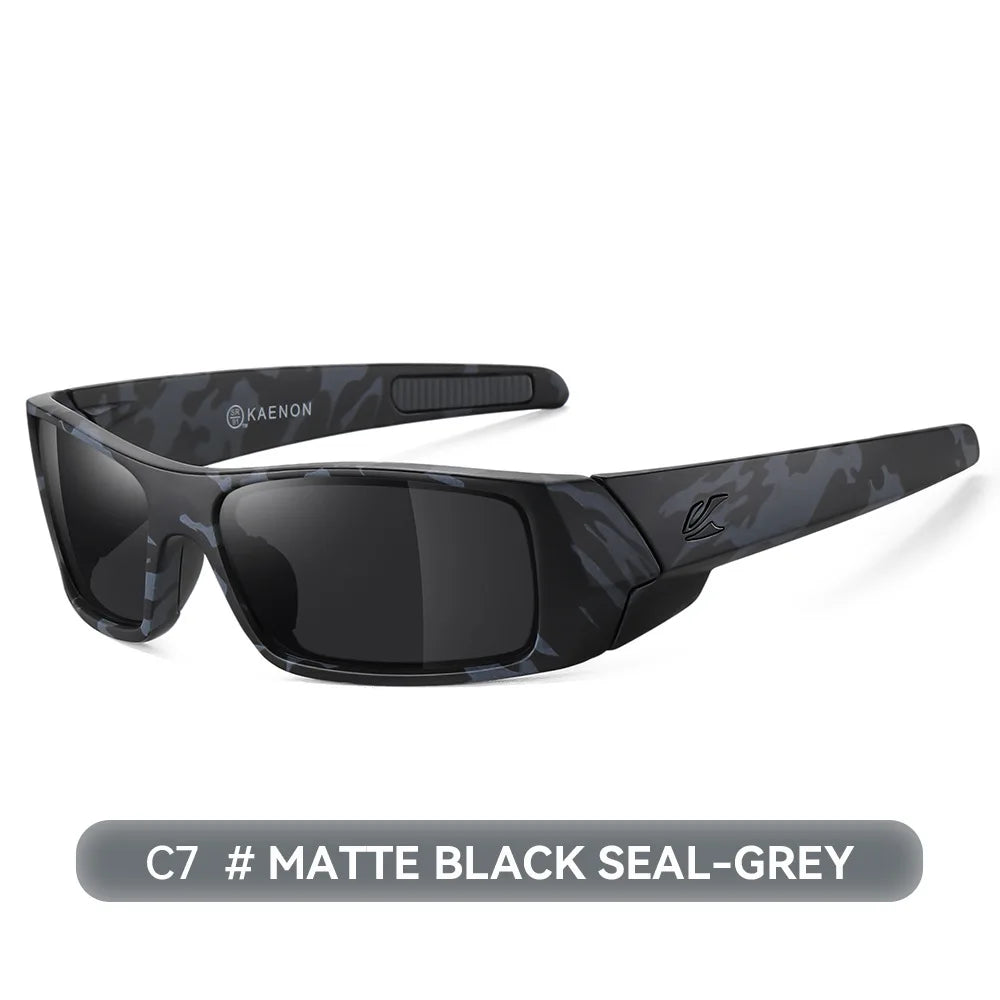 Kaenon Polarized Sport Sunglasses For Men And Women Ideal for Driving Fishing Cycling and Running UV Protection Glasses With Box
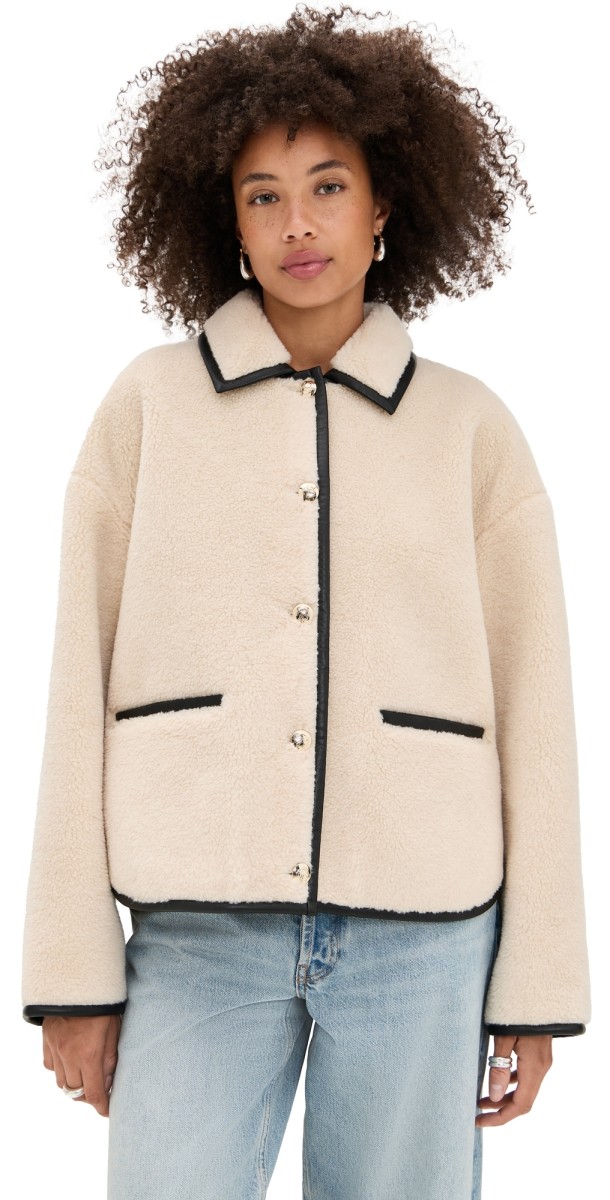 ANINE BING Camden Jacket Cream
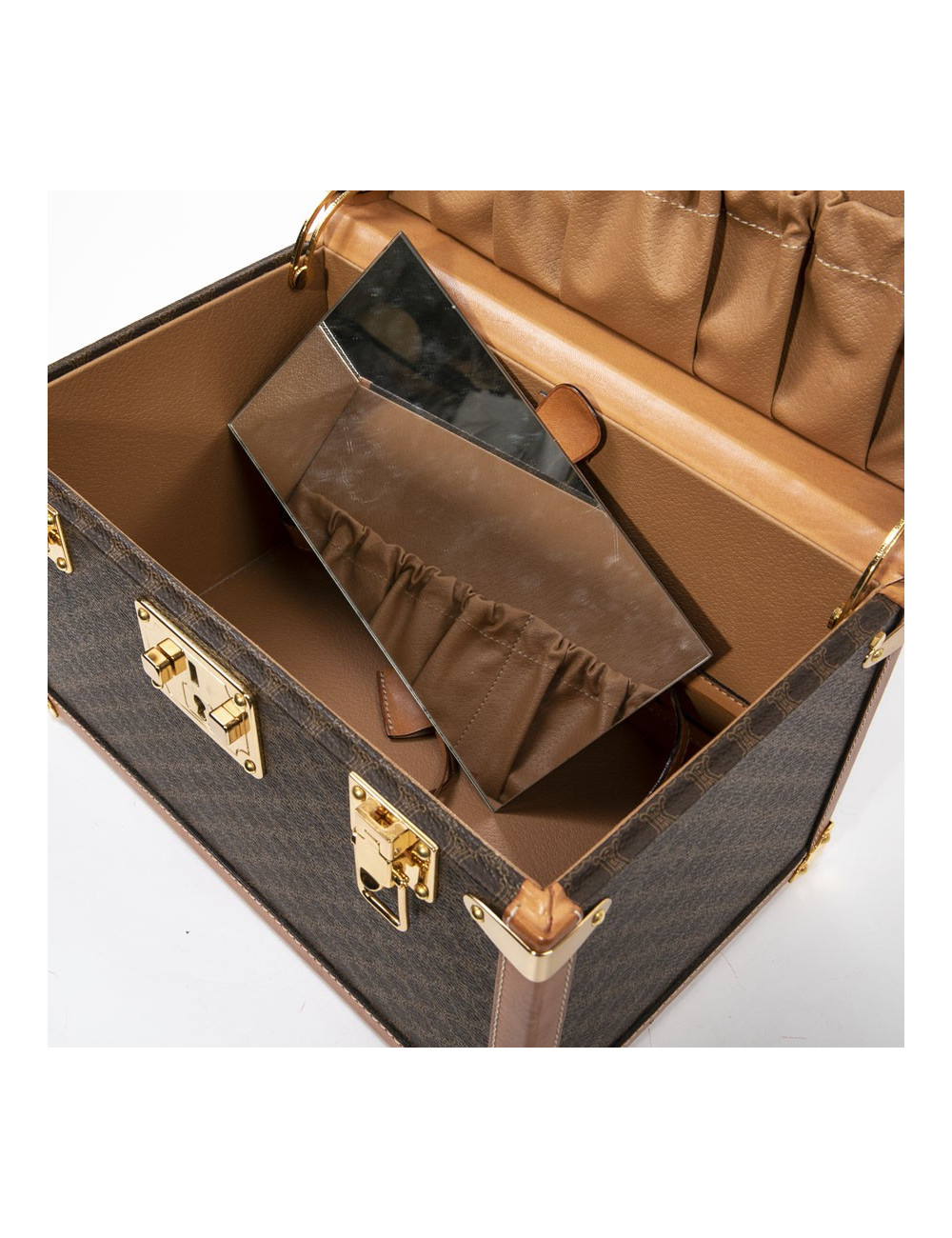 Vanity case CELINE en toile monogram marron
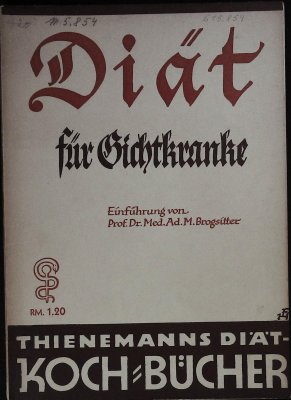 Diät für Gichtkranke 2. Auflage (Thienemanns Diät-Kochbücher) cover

= = =

*Goal of the exercise*
Line by line, write out the data above exactly, without the pictures.

*Result for this task*
 Kaenon Polarized Sport Sunglasses For Men And Women Ideal for Driving Fishing Cycling and Running UV Protection Glasses With Box
 ANINE BING Camden Jacket Cream
 Vanity case CELINE en toile monogram marron
 Diät für Gichtkranke 2. Auflage (Thienemanns Diät-Kochbücher) cover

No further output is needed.